Dyskusja o prywatyzacji miejskiiej spółki była długa i gorąca. Ścierali się przeciwnicy i zwolennicy.
Ostatecznie 11 głosami PO, SLD i Lubię Kraśnik wygrali zwolennicy prywatyzacji. Przeciw było 9 radnych PiS i niezrzeszonych.
- Firma produkuje tanie ciepło i to jest bardzo ważne dla mieszkańców miasta. Nowy właściciel odzyska sobie pieniądze za kupno podnosząc cenę ciepła i wówczas nie będzie ono już takie tanie. Grozi nam monopolizacja na rynku ciepłowniczym - podkreśla Jerzy Misiak radny PiS.
- Proces rozpoczęcia prywatyzacji nie przesądza jeszcze sprawy. Zawsze możemy się z tego wycofać jeżeli nie będzie z tego oczekiwanych korzyści - dodaje Zbigniew Marcinkowski z PO.
Przeciwna prywatyzacji jest załoga, która boi się nowego pracodawcy. Jednak burmistrz w uchwale zagwarantował im pakiet socjalny u przyszłego inwestora i konsultowanie ostatecznej decyzji.
- Prywatyzacja nie jest potrzebna, jednak jeżeli do niej dojdzie to pakiet daje nam jakąś ochronę. Jeżeli coś będzie nie tak to mamy jeszcze wiele możliwości oprotestowania decyzji radnych - zapewnia Krzysztof Skóra z zakładowej Solidarności.

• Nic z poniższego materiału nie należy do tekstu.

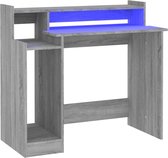 vidaXL - Bureau - met - LED-verlichting - 97x45x90 - cm - hout - grijs - sonoma - eiken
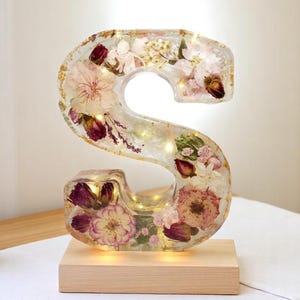 Custom LED Resin Letter | Real Dried Flowers | Personalized Floral Keepsake | Clear Epoxy Resin Decor, Birth Month Flower | Made for You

Radni PiS uruchomili procedurę referendum lokalnego w sprawie prywatyzacji. Listę z podpisami 20 osób złożyli burmistrzowi miasta i rozpoczęli zbieranie podpisów mieszkańców.
- Pokażmy złe i dobre strony prywatyzacji i przeprowadźmy referendum - argumentuje Mirosław Włodarczyk, PiS.
- Inicjatywa jest dobra ale nie powinna blokować prywatyzacji, a w chwili referendum przedstawić mieszkańcom kto może być inwestorem i jakie korzyści miasto z tego będzie miało -przekonywał Piotr Czubiński burmistrz Kraśnika. - Wykorzystam wszelkie kanały aby skonsultować tą sprawę z mieszkańcami - zapewniał radnych.